Re: d_len/d_buf arbitration for s32k1xx_flexcan

2023-01-04 Thread raiden00pl
Related issue: https://github.com/apache/nuttx/issues/5142.
Not using a work queue to handle CAN RX is basically wrong. Unfortunately
all NXP SocketCAN drivers are affected.

wt., 3 sty 2023 o 19:38 Xiang Xiao  napisał(a):

>   Sorry, "you must do..." may confuse you. What I mean is the CAN driver.
>
> On Wed, Jan 4, 2023 at 2:30 AM Carlos Sanchez
>  wrote:
>
> > Hi Xiang,
> >
> > Please note what I describe is not caused by my code using multiple
> > threads, but is happening on Nuttx upstream. My code is single threaded,
> > but s32k1xx_flexcan driver (and several other Socket CAN drivers as they
> > all seem to be derived from the same code base) does some things on the
> > thread I call write() from, and some other things on CANWORK work queue
> > thread.
> > My understanding is that net code is structured so work queue threads are
> > used, generally, but in Socket CAN drivers this was "waived" to avoid
> data
> > loss, causing the problem I describe.
> >
> > Thanks,
> >
> > Carlos
> >
> > On Tue, Jan 3, 2023 at 6:56 PM Xiang Xiao 
> > wrote:
> >
> > > Since tx/rx share the same d_len/d_buf, you must do send/recv in one
> and
> > > only thread(either by system work thread or driver dedicated thread) to
> > > avoid the race condition you describe below.
> > >
> > > On Wed, Jan 4, 2023 at 1:45 AM Carlos Sanchez
> > >  wrote:
> > >
> > > > Hi all,
> > > >
> > > > I am observing an extrange behavior: under heavy-error CAN TX
> scenario
> > > (no
> > > > acks so TX fails always), usually after the second call to write() my
> > > > writes fail.

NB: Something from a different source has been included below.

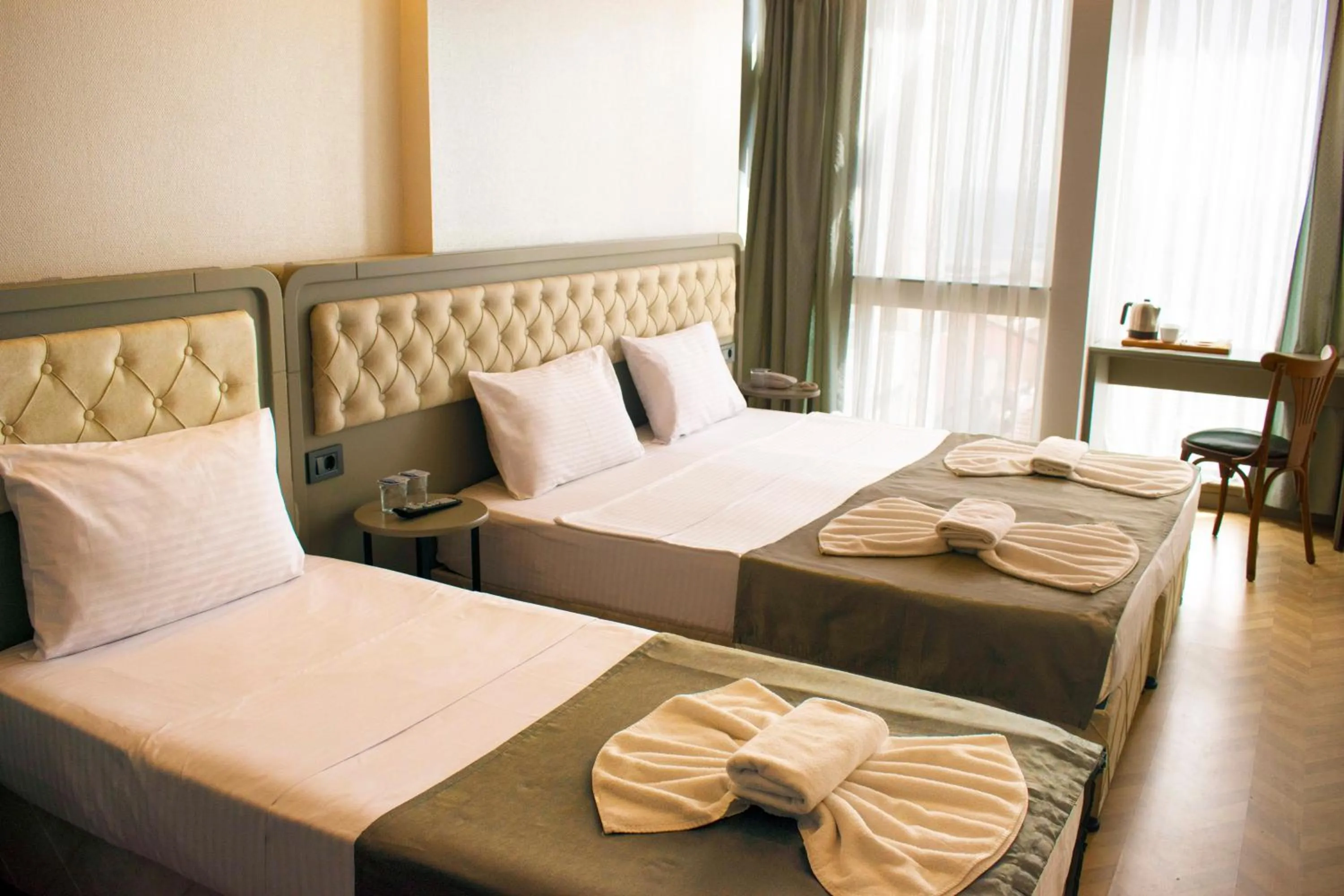 Photo of the whole room in Mayer Hotel Istanbul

This is expected as s32k1xx_flexcan has two TX mailboxes
> > and
> > > > from my understanding of the code there is no other buffering (on
> this
> > > > specific CAN driver at least).
> > > >
> > > > However, if I enable CAN errors, and depending on runtime sync
> > conditions
> > > > (basically, if I put a breakpoint on s32k1xx_txpoll) then all the
> > writes
> > > > after the first silently fail, without really trying to send anything
> > (I
> > > > see on ESR2 register than second TX mailbox does not really become
> > > active).
> > > >
> > > > After some debugging, I have seen that the CANWORK=LPWORK thread has
> > > > scheduled calls to s32k1xx_error_work, overwrites d_buf/d_len to send
> > the
> > > > error frames in. But TX polling does not always happen in CANWORK
> > thread:
> > > > it does when it comes from s32k1xx_txdone_work, but not when it comes
> > > from
> > > > s32k1xx_txavail_work, which, despite the name, is called directly on
> > > > s32k1xx_txavail context (which is the application context). What is
> > > > happening in my case, is txavail_work->...->devif_poll->can_poll is
> > > setting
> > > > d_buf/d_len to the packed to be sent, but before s32k1xx_txpoll
> checks
> > it
> > > > (due to my breakpoint), s32k1xx_error kicks in, "steals" d_buf/d_len
> to
> > > > setup the error frame and calls can_input. The frame which was set up
> > by
> > > > the polling sequence gets silently discarded.
> > > >
> > > > I have tried setting s32k1xx_txavail_work inside CANWORK, but this
> > fails
> > > > because can_sendmsg checks immediately for non-blocking writes;
> placing
> > > the
> > > > polling in the work queue would cause all non-blocking writes to
> fail.
> > > >
> > > > Related to this, I also fail to see the arbitration between TX/RX for
> > > > d_buf/d_len. From what I see, the same problem I am describing could
> > > happen
> > > > by s32k1xx_receive "stealing" d_buf/d_len, same as s32k1xx_error is
> > doing
> > > > in my case. But this is only a thought, I have not observed it.
> > > >
> > > > A possible clean solution is to use another buffer, but it is complex
> > and
> > > > would mean losing the direct connection between the write and the HW
> TX
> > > > (which might be useful in general and it is for my use case). A
> quicker
> > > > solution would be for s32k1xx_error to lock the network, forcing it
> to
> > > wait
> > > > until txavail_work is done. This would solve my case. My second
> concern
> > > is
> > > > more difficult to solve as comments in the code explicitly say RX
> > cannot
> > > be
> > > > delayed to the work queue or CAN frames would be lost.
> > > >
> > > > Any ideas or anything I might be missing here?
> > > >
> > > > Thanks,
> > > >
> > > > Carlos
> > > >
> > > > --
> > > >
> > > > Carlos Sanchez (he, him, his)
> > > > Geotab
> > > >
> > > > Embedded Systems Developer Team Lead | Europe
> > > >
> > > > Visit
> > > >
> > > > www.geotab.com
> > > >
> > > > Twitter  | Facebook
> > > >  | YouTube
> > > >  | LinkedIn
> > > > 
> > > >
> > >
> >
> >
> > --
> >
> > Carlos Sanchez (he, him, his)
> > Geotab
> >
> > Embedded Systems Developer Team Lead | Europe
> >
> > Visit
> >
> > www.geotab.com
> >
> > Twitter  | Facebook
> >  

Re: Version when building the latest NuttX

2023-01-04 Thread Alan C. Assis
Hi Jernej,

I faced similar issue some time all, I don't remember all the details but
in some special cases the script get the wrong information. I think it
happens when we do git reset --hard to some commit from old release.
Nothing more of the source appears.